Der aktuelle Korruptionsskandal, dazu Gerichte, die die Ernennung eines Ex-Präsidenten zum Minister blockieren, veröffentlichte Telefon-Mitschnitte der Präsidentin und untreue Koalitionspartner, stürzt Brasiliens Politik in eine tiefe Krise.

Fakten des Skandals

Hier die wichtigsten Fakten im Überblick:

Petrobras-Skandal

Seit zwei Jahren laufen Ermittlungen (Operation «Lava Jato»), die ein über Jahre gestricktes Korruptionsnetz aufgedeckt haben. Bei mindestens 89 Auftragsvergaben des staatlich kontrollierten Ölkonzerns Petrobras an Bauunternehmen sollen Schmiergelder geflossen sein. Nach Schätzungen kann sich der Schaden auf 6,1 Milliarden Reais (1,48 Mrd Euro) belaufen. Gegen über 50 Politiker wird ermittelt.

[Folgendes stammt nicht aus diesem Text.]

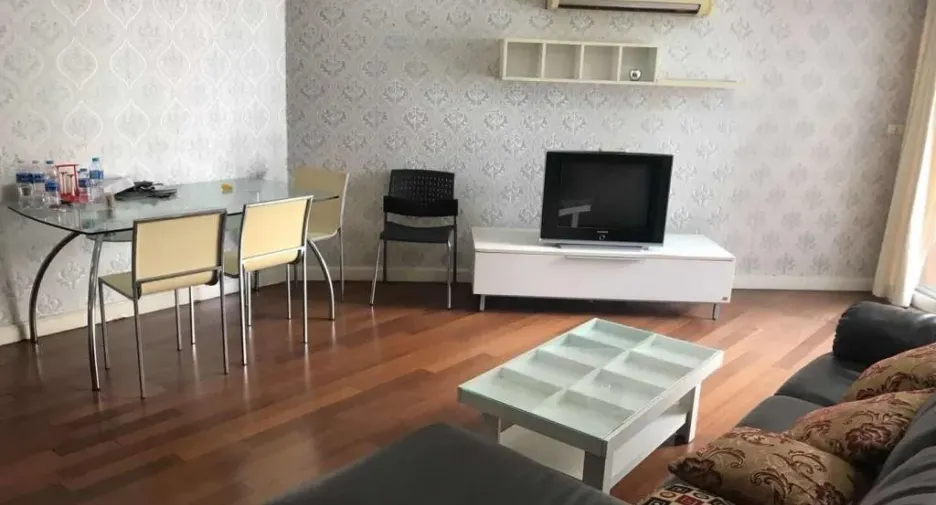 For rent 2 bedrooms condo in Yan Nawa, Bangkok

Lula und Rousseff im Abwehrkampf

Präsidentin Dilma Rousseff war von 2003 bis 2010 Aufsichtsratschefin von Petrobras, ihr Vorgänger Luiz Inácio Lula da Silva wehrt sich gegen Vorwürfe, ein Baukonzern habe ihn im Zusammenhang mit einem Apartment geschmiert. Gerade die linke Arbeiterpartei der beiden Politiker ist in ihrer Glaubwürdigkeit erschüttert, zudem wird Rousseff von einem Weggefährten beschuldigt, die Ermittlungen massiv zu behindern. Und Lulas Ernennung zu ihrem Kabinettschef endete im Debakel: Ein Bundesrichter legte sein Veto ein, da Lula im Regierungsamt wesentlich besser vor möglicher Untersuchungshaft geschützt wäre. Was als Befreiungsschlag gedacht war, endete in wütenden Protesten dagegen, dass eine Präsidentin einen Ex-Präsidenten vor der Justiz schützen wolle.

Rezession und Demontage der politischen Klasse

Die Wirtschaft ist 2015 um 3,8 Prozent eingebrochen, die Arbeitslosenzahl auf über 9,6 Millionen gestiegen. Doch die Regierung bekommt kaum noch Reformen durchgesetzt – weil die einstige Neun-Parteien-Koalition zerbröselt ist und Konflikte statt Kompromissbereitschaft das Geschehen prägen. Und es gibt ein überbordendes Patronagesystem. Rousseff hatte als Sparmaßnahme 2015 zwar acht Ministerposten gestrichen, jetzt sind es aber immer noch 31 Ministerien. Politik findet kaum noch statt. Und eine Zahl verdeutlicht den Niedergang der politischen Klasse: Von den 594 Mitgliedern des Kongresses gibt es gegen rund 350 Ermittlungen.

Justiz gegen Regierung

Richter Sérgio Moro ist für die Regierung zum Feindbild geworden, unerbittlich führt er die Ermittlungen der Operation «Lava Jato». Er sollte auch über Untersuchungshaft und einen Prozess gegen Lula entscheiden – aber der Oberste Gerichtshof entzog ihm den Fall. Moro veröffentlichte als kleine Gemeinheit einen Telefonmitschnitt zwischen Lula und Rousseff, der sich so interpretieren lässt, dass sie ihn mit dem Ministeramt schützen will. Führende Juristen kritisieren Moro dafür scharf, da Rousseff als Präsidentin eigentlich besonderen Schutz genießt und gegen sie gar nicht ermittelt wird. Moro wird von Rousseffs Gegnern gefeiert, die Mitschnitt-Veröffentlichung hat ihren Niedergang beschleunigt.